Cardiovascular disease is the leading cause of death in industrialized countries and the incidence rate is expected to increase due to increased life expectancy in the population. As a consequence, health spending is rising and causes significant challenges in each country's health budget. New techniques that can reduce health care costs and at the same time improve the patient's quality of life will be crucial. One example is leakage of the valve (mitral valve) between the left atrium and the left main chamber. The prevalence of mitral valve disease increases with age, and is around 10% among patients above 75 years of age. Every year, about 200,000 North-Americans and Europeans undergo mitral valve surgery to a total cost of more than US $ 8 billion. Up to 10% of these patients require reoperation for recurrent mitral valve dysfunction. This represents an additional cost of at least US $ 40 million. In addition, the reoperation is more complicated and morbidity and mortality are significantly higher. Even though an impressive list of different surgical techniques is available, clinicians cannot test alternative treatments for a patient prior to surgery and thereby ensure the best possible outcome.
Due to advances in computational- and medical imaging technology, it is now possible to generate simulation models from medical imaging data of an individual patient. Such patient-specific models can help us to understand the complex flow phenomenon inside the heart and provide us with flow details on a level not possible by medical imaging alone. The long-term goal is to enable clinicians to predict and evaluate the outcome of alternative repair techniques prior to surgery in order to improve the surgical outcome and thereby reduce the number of reoperations.
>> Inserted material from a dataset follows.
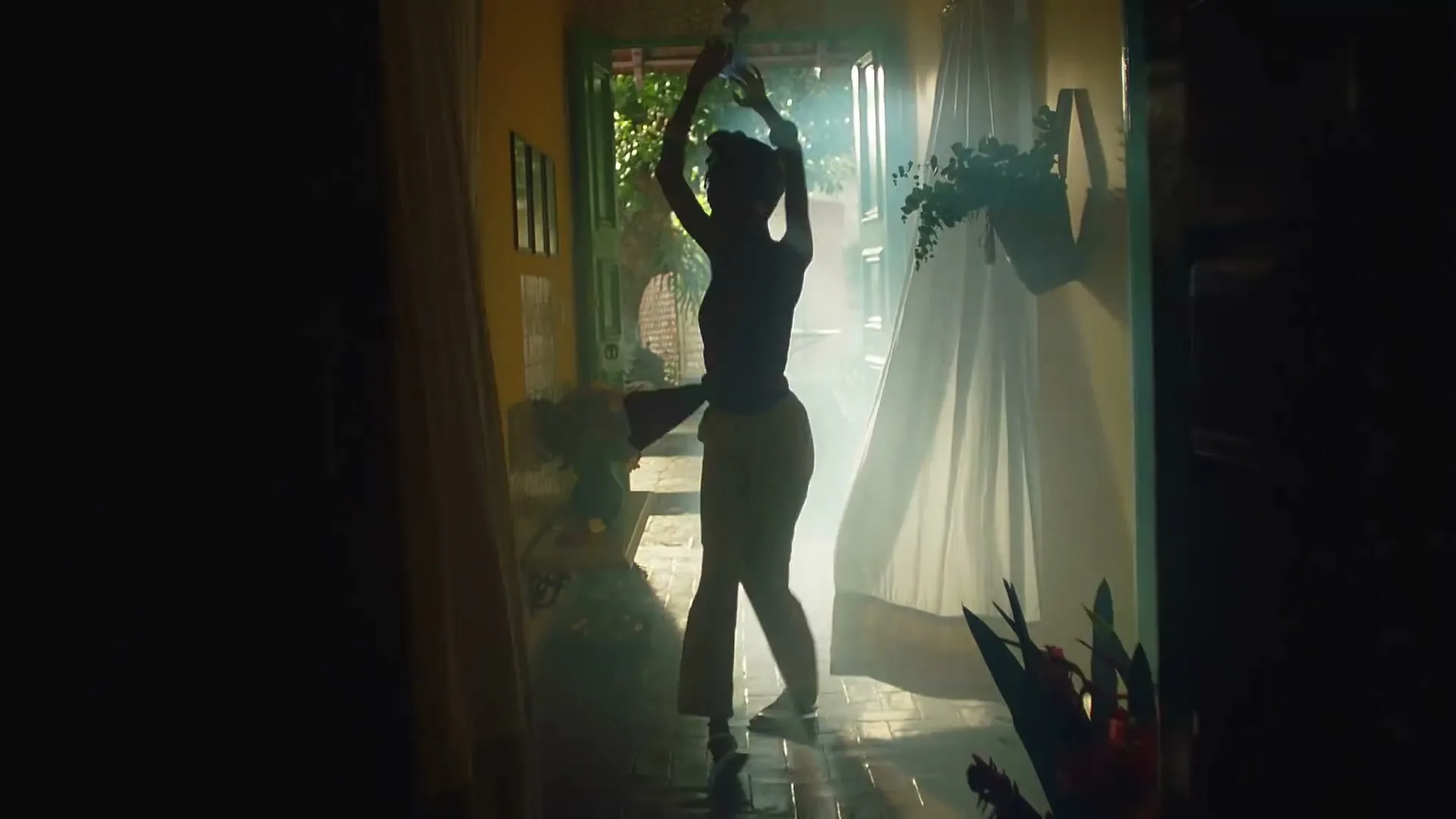 A silhouetted woman with arms raised dances in a doorway, with bright light and mist behind her, in a vibrant, plant-filled interior.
Biomechanics is a rapidly growing field and involves the modeling and analysis of live tissues, organs and the mechanical phenomena occurring therein. Biomechanics involves elements from several classical domains like fluid mechanics, structural mechanics, numerical analysis, mathematical modelling etc. SINTEF has world class expertise in these fields, acquired through oil and gas research among other things. In this project we want to translate this expertise into patient - specific simulation models of the heart. The main focus will be the mitral valve and the flow in the left side of the heart. The project is highly multidisciplinary and we are therefore working closely with clinicians from Rikshopitalet and St. Olav in addition to several groups at NTNU.